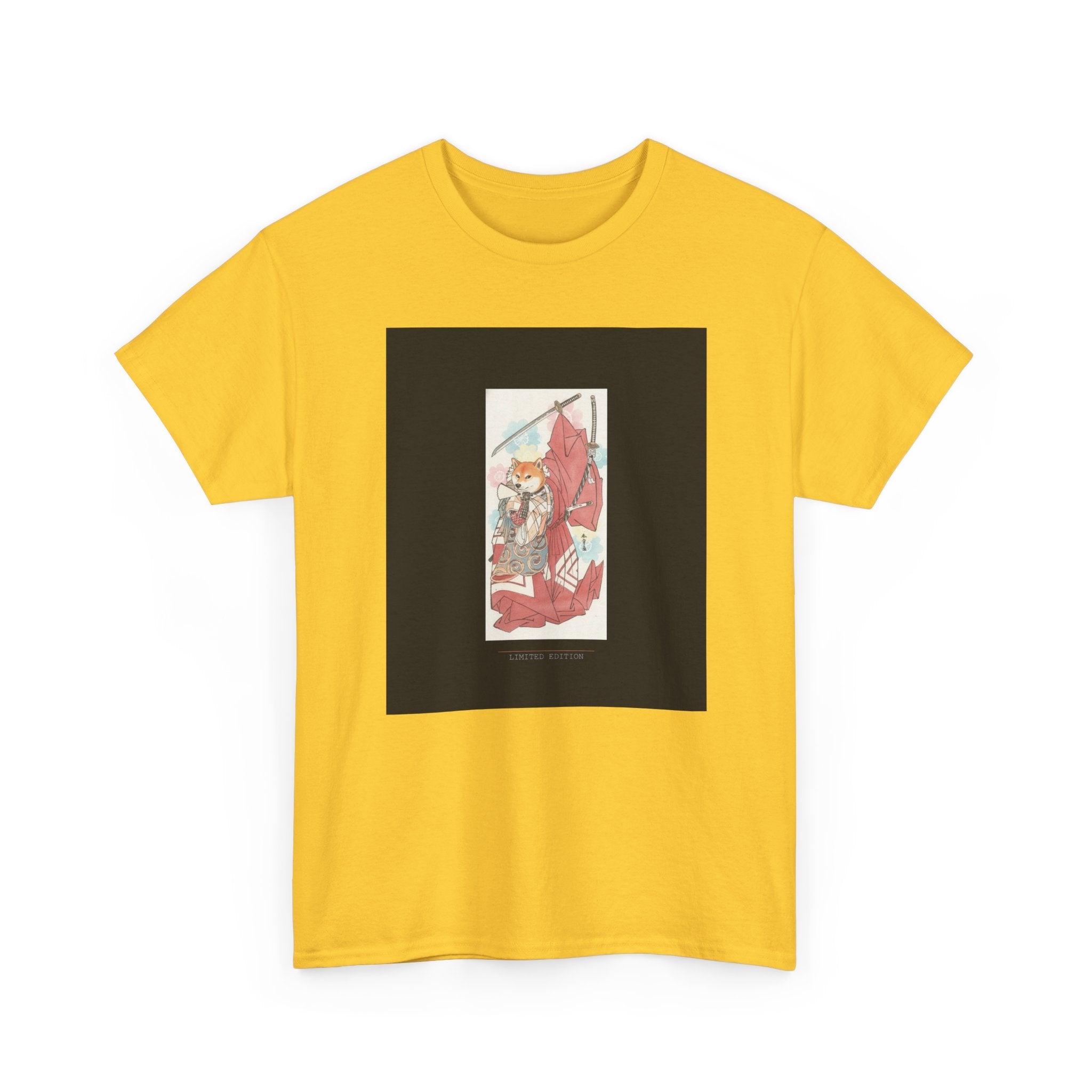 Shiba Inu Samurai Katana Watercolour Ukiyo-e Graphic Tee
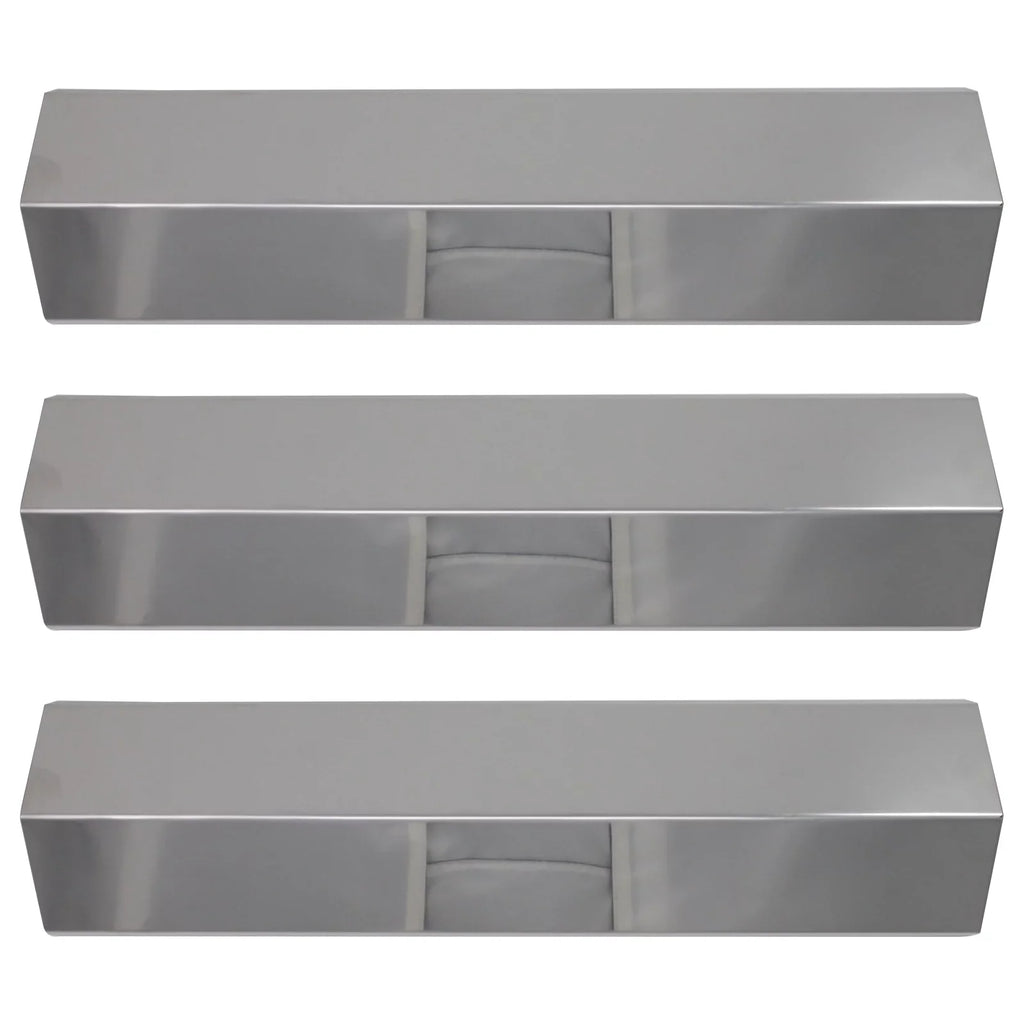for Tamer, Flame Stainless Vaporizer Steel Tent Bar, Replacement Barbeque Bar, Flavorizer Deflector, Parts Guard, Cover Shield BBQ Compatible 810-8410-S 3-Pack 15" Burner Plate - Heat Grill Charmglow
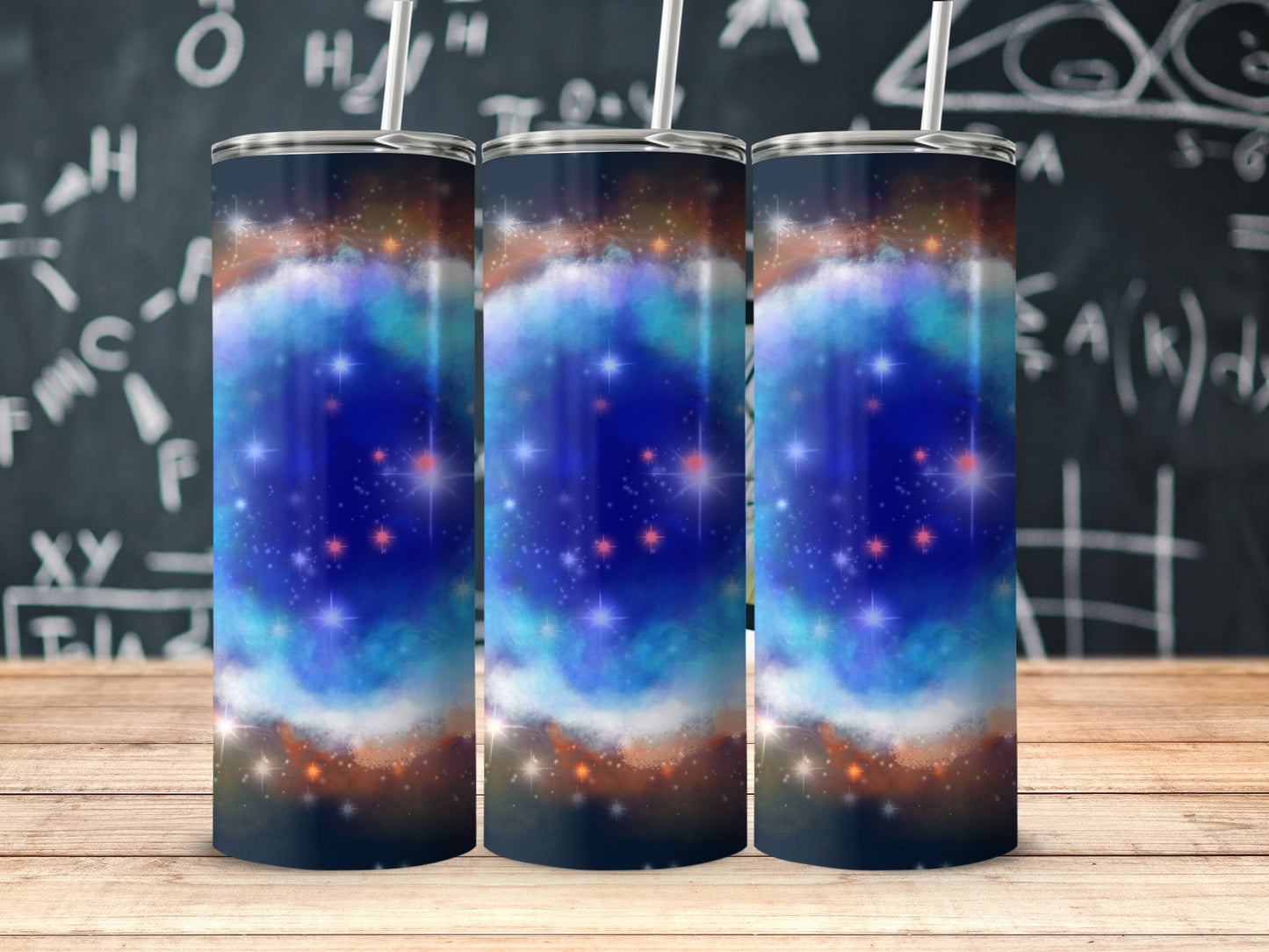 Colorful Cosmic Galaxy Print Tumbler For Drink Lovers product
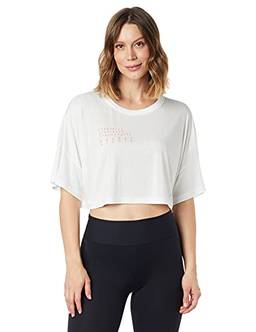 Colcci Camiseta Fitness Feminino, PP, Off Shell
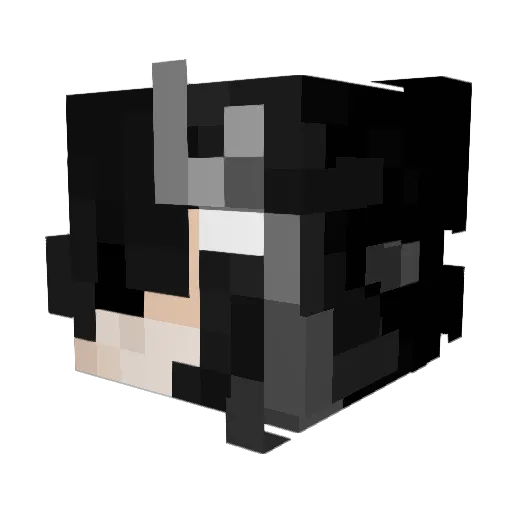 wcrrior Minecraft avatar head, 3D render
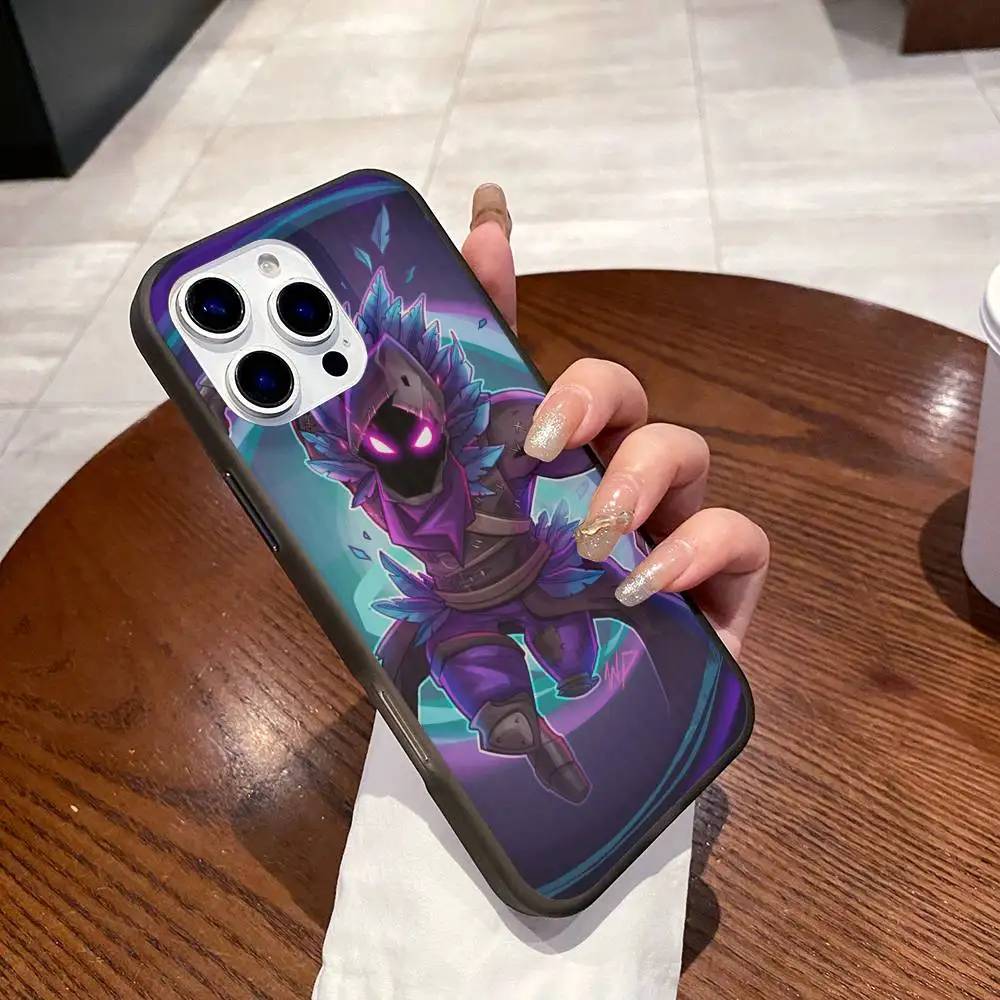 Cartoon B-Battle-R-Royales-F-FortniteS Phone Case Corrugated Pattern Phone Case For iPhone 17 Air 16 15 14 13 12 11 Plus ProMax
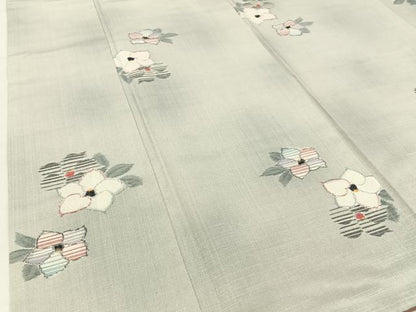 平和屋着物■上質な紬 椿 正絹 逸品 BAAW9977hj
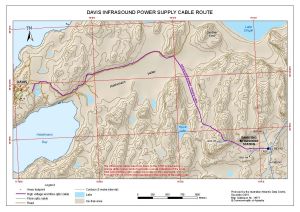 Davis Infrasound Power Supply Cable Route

◇ ◇ ◇ ◇ ◇

* _TASK DIRECTIONS_
Please reproduce each entry exactly as given and omit the pictures.

* _SOLUTION BELOW_
 Shiba Inu Samurai Katana Watercolour Ukiyo-e Graphic Tee
for Tamer, Flame Stainless Vaporizer Steel Tent Bar, Replacement Barbeque Bar, Flavorizer Deflector, Parts Guard, Cover Shield BBQ Compatible 810-8410-S 3-Pack 15" Burner Plate - Heat Grill Charmglow
 Colorful Cosmic Galaxy Print Tumbler For Drink Lovers product
 Colcci Camiseta Fitness Feminino, PP, Off Shell
 wcrrior Minecraft avatar head, 3D render
 Cartoon B-Battle-R-Royales-F-FortniteS Phone Case Corrugated Pattern Phone Case For iPhone 17 Air 16 15 14 13 12 11 Plus ProMax
 平和屋着物■上質な紬 椿 正絹 逸品 BAAW9977hj
 Davis Infrasound Power Supply Cable Route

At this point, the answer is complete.